* ABOUT THIS EXERCISE:
With the pictures removed, the data below must be transcribed in full and exactly.

* GIVEN DATA:
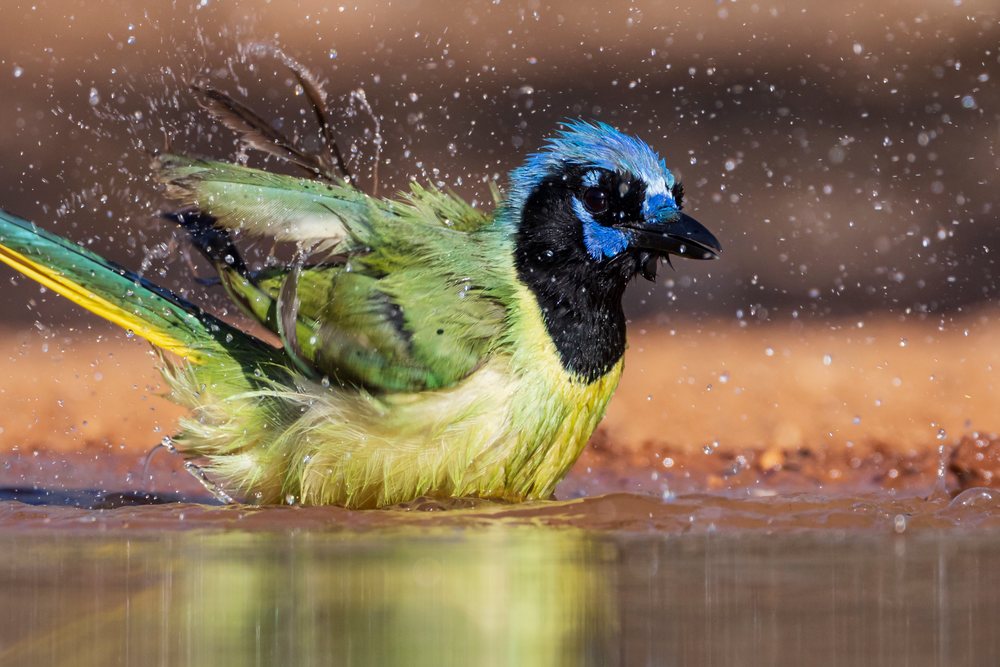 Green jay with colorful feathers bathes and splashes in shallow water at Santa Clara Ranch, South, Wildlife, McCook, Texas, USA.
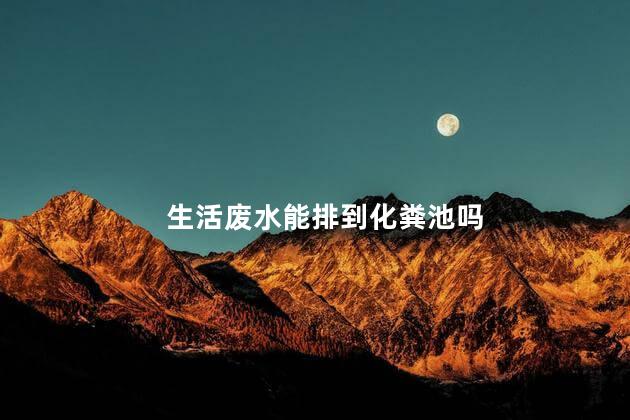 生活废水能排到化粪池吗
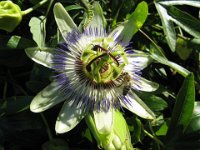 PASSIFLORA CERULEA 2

* EXPECTED ANSWER:
 Green jay with colorful feathers bathes and splashes in shallow water at Santa Clara Ranch, South, Wildlife, McCook, Texas, USA.
 生活废水能排到化粪池吗
 PASSIFLORA CERULEA 2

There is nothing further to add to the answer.